2014 Volume 81 Issue 2 Pages 164-175
The aim of this paper is to analyze the policies discussed since 2000 regarding “Global Human Resource Development” among actors (mass media (newspapers), industry, government (the Ministries of Economy, Trade and Industry [METI] and of Education, Culture, Sports, Science and Technology [MEXT]), and universities), to examine what stances this discussion takes on “Localism,” and to consider the effect of this discussion on higher education.
Materials for analysis are newspaper articles, research reports or proposals from industry or the Ministries, business plans of universities regarding “Global Human Resource Development,” and statements regarding organizational reform of universities.
As the result of the analysis, five findings have been clarified. 1. Japanese industries need a new type of employee to develop overseas branches. They call this new type of employee “Global Human Resources” and have worked toward their cultivation since 2000. 2. It is not easy for companies to develop so-called “Global Human Resources” in their in-service training. They require the collaboration of the Ministries (METI and MEXT in order to develop these types of people, with universities targeted as sites for the actual development. The conditions to meet these requirements are thought to include study-abroad programs and higher levels of practical English (ie TOEFL or TOEIC) in university education. 3. The MEXT is assigned to play the role of supporting universities by distributing a competitive budget to promote study abroad and increase English ability (this is called the “Global Human Resource Development Enterprise”). 4. Prestigious universities try to organize educational programs for the purpose of study abroad and practical English in compliance with the MEXT to acquire the budget. 5. On the other hand, small universities which are not affected by the government competitive budget try to follow this movement. They reform their faculties or departments to meet “Global Human Resource Development.”

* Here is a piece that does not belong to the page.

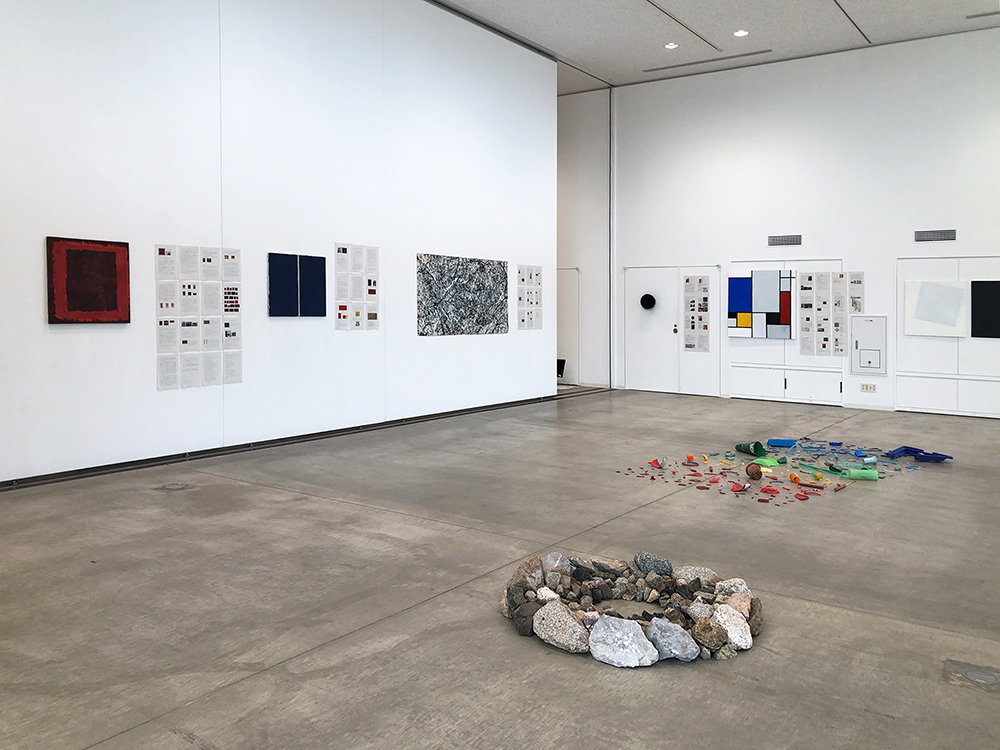 令和7年度 芸術地域デザイン学部 共通基礎成果発表展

The issue of “Global Human Resource Development” for economic globalization was originally a corporate in-house concern. This local issue has become a national issue in terms of collaboration between industries and the Ministries. Now “Global Human Resource Development Enterprise” is becoming an all Japan issue. The focus on university students' study abroad and increased English test scores as a solution remains based on the same notion of catch-up to developed societies as in the past. It is also a local discussion.
Globalization brings new issues which cannot be solved by a single country and call for collaboration among countries: ie environmental problems, resources and energy issues, and international conflicts. It is key for universities to develop students who can take on these global issues. Japanese universities should deeply consider this point.